Gregory twitched irascibly. “I don’t want to marry them.”
“Pretty cheap lot, you mean? Well, I don’t know.”
“I don’t mean that,” retorted the student. “But I’ve got other things to think of.”
“Don’t you believe,” the clerk modestly urged, “that it is natural for a man—well, a young man—to think about girls?”
“I suppose it is.”
“And you don’t consider it wrong?”
“How, wrong?”
“Well, a waste of time. I don’t know as I always think about wanting to marry ’em, or be in love, but I like to let my mind run on ’em. There’s something about a girl that, well, you don’t know what it is, exactly. Take almost any of ’em,” said the clerk, with an air of inductive reasoning. “Take that Claxon girl, now for example, I don’t know what it is about her. She’s good-looking, I don’t deny that; and she’s got pretty manners, and she’s as graceful as a bird. But it a’n’t any one of ’em, and it don’t seem to be all of ’em put together that makes you want to keep your eyes on her the whole while. Ever noticed what a nice little foot she’s got? Or her hands?”
“No,” said the student.
“I don’t mean that she ever tries to show them off; though I know some girls that would. But she’s not that kind. She ain’t much more than a child, and yet you got to treat her just like a woman. Noticed the kind of way she’s got?”
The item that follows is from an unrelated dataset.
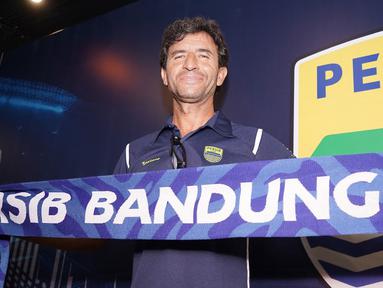 Pelatih baru Persib Bandung, Luis Milla resmi diperkenalkan kepada publik di Graha Persib, Bandung, Senin (22/8/2022). (Persib.co.id)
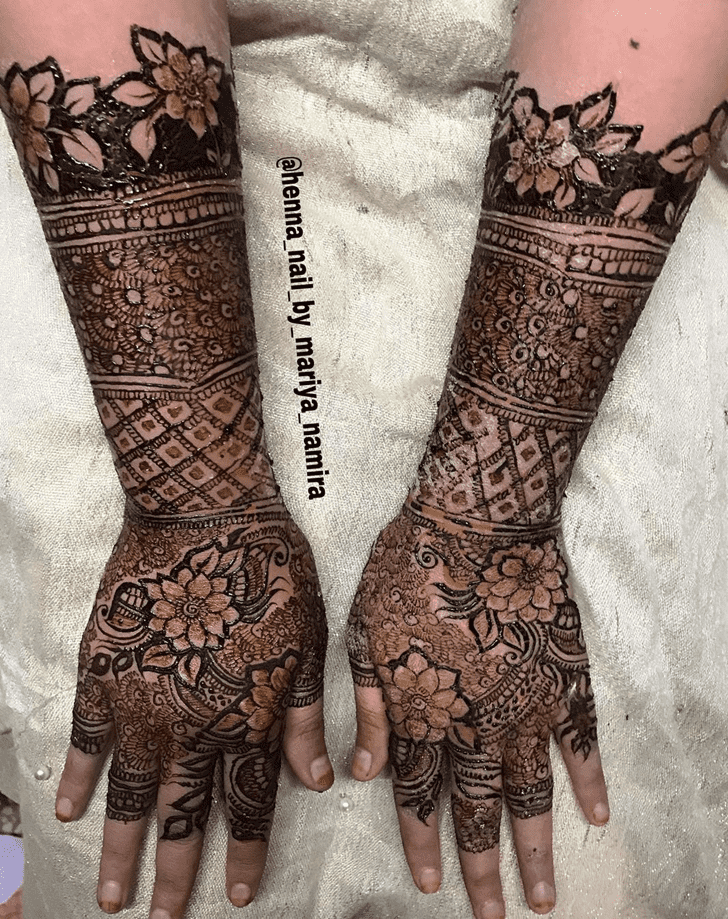 Enthralling Paris Henna Design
“No,” said the student, with impatience.
The clerk mused with a plaintive air for a moment before he spoke. “Well, it’s something as if she’d been trained to it, so that she knew just the right thing to do, every time, and yet I guess it’s nature. You know how the chef always calls her the Boss? That explains it about as well as anything, and I presume that’s what my mind was running on, the other day, when I called her Boss. But, my! I can’t get anywhere near her since!”
“It serves you right,” said Gregory. “You had no business to tease her.”
“Now, do you think it was teasing? I did, at first, and then again it seemed to me that I came out with the word because it seemed the right one. I presume I couldn’t explain that to her.”